New compounding technologies displayed at K 2004 included some unusual ways to broaden the range of products a twin-screw compounder can make. One such machine had a choice of interchangeable L/Ds and another was a hybrid of a twin- and single-screw extruder in one barrel. New pelletizers and dies also em phasized versatility with quicker changes and more wear-resistant surfaces. (Not covered here are new equipment from Berstorff, Farrel, and Henschel that were reported in our show preview in September.)
Quick barrel changing
Leistritz in Germany showed the first production-size compounder of any kind capable of automatically exchanging one barrel for another. The idea is that it allows one machine base and drive motor to run a choice of two different L/Ds—e.g., a short barrel for masterbatches and a longer barrel for filled compounds. A 50-mm prototype of the new ZSE-Flex demonstrated the barrel change automatically in 15 min. The ma chine could handle L/Ds from 32:1 to 52:1 powered with the same drive motor, Leistritz says.
Mechanical arms roll one twin-screw barrel section out on one side of the extruder, while other arms insert the new pre-warmed barrel and screws on the other side. Fast hook-up to dies and water lines is accomplished by mounting all water connectors on a single panel. A new water-cooled shroud keeps the barrel surface cool for operator safety as barrels are moved around. Under the shroud, a new barrel-cooling loop has 30% greater cooling capacity. Leistritz plans a full demonstration at an open house March 8-9 in Nurnberg, Germany.
Leistritz also has a new shaft-element joint technology called ZSE Maxx. It uses splines that have a higher OD/ID ratio of 1.66:1 vs. 1.53:1 previously. The deeper splines are also trapezoidal, not triangular, so they conserve more torque and allow more free volume for 25% to 35% higher output, Leistritz says.

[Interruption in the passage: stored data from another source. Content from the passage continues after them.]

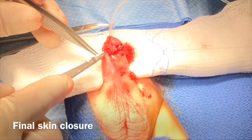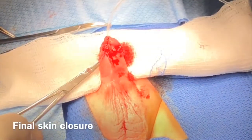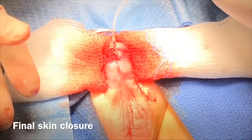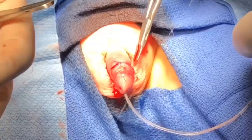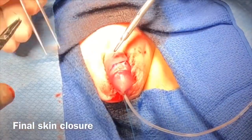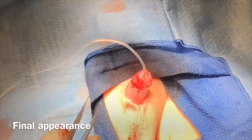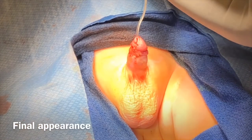Approximation of the skin to mucosa is performed with interrupted 6-0 PDS sutures. It is worth noting that there is almost more than 50% resident participation in this procedure.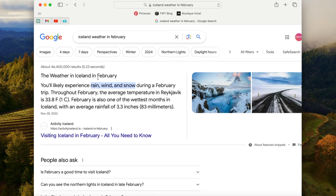Rain, wind and snow — that is not ideal. 33 degrees doesn't seem too bad, but these are the wettest months. Three inches of rain — we're going to need to check a bag.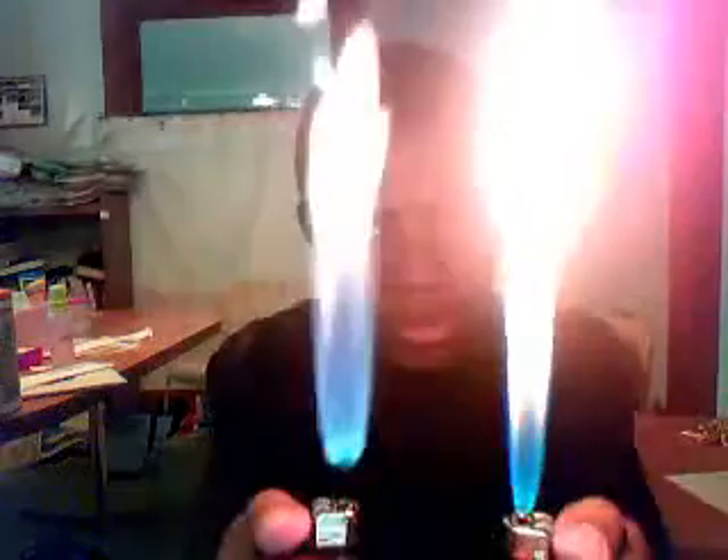One more time, just for the fans. This is going to be my first one — I've modified many. Watch. Super flame! Thanks.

CTE Co. Ltd. of Japan showed its unusual dual-length HTM (horizontal twin mixer), a type of twin-screw compounding extruder. The dual-length corotating machine was actually developed 12 years ago, when the company was called IPEC Co. Ltd. It was renamed CTE (Century 21 Engineering) in 1999. The initial compounding section uses wing-shaped, Banbury-style mixing elements, which knead the material and can incorporate filler levels of up to 70% magnesium hydroxide for wire and cable, 80% wood flour or talc, and 70% titanium dioxide for pigment masterbatches.
Material then passes a barrier section and a vacuum vent before reaching the single-screw extension of one of the two corotating shafts, which builds up pressure before the die. The design reportedly prevents overworking the material and keeps processing temperatures 10° to 20° C lower than conventional twin-screws. The twin-screw part is 28:1; the single screw is 14:1, totaling 42:1 L/D.

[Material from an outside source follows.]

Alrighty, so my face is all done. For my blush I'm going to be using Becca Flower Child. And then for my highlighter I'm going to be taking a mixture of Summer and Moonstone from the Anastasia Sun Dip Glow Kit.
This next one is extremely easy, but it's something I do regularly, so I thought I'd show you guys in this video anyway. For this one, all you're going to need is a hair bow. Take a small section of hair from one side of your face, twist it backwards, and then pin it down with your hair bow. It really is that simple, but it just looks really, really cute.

CTE also launched a combination of a dry-face and a water-ring pelletizer for wood-filled composites. It's very compact and uses air, water, or both for cooling, depending on wood content. CTE has built models with throughputs from 440 to 1760 lb/hr.
C.A. Picard GmbHM of Germany showed an inexpensive device for stripping off screw elements frozen onto shafts. Built in China, the FD-System strips elements from shafts of 25 to 140 mm diam. A unit is installed at Picard's Ohio service bureau.
Coperion Waeschle showed its Fluidcone Blender, a new static mixer for blending free-flowing powders in silos. Internal baffles split the powder flow into four pie-shaped zones around a small, round core zone. It's retrofittable in place of the silo's conical discharge and fits silos from 3 to 15 ft diam.
Dies and pelletizers
Black Clawson Converting Machinery launched a new underwater pelletizer die design for low-viscosity materials such as compounds with high EVA content (up to 40%). The Pelletor has a horizontal die plate and modified heat channels close to the die surface to keep holes from freezing off. The die surface is ceramic coated to insulate it from the water's heat sink. Black Clawson will reface dies (its own or other brands) for water-ring and underwater pelletizers with the high-wear ceramic facing or other facing materials if required.
Coperion Werner & Pfleiderer showed a new SK series quick-change strand die in which the die plate is held by clamping sections on the top and bottom that open with six half-turn screws in stead of fully threaded bolts. The clamps hang on hooks when the die plate is removed.
Econ GmbH in Austria showed underwater pelletizer dies coated with a few millimeters of Ceconid, a mixture of resin and proprietary minerals that is said to be harder than diamond. The first test samples reportedly showed no abrasion after pelletizing glass-filled material.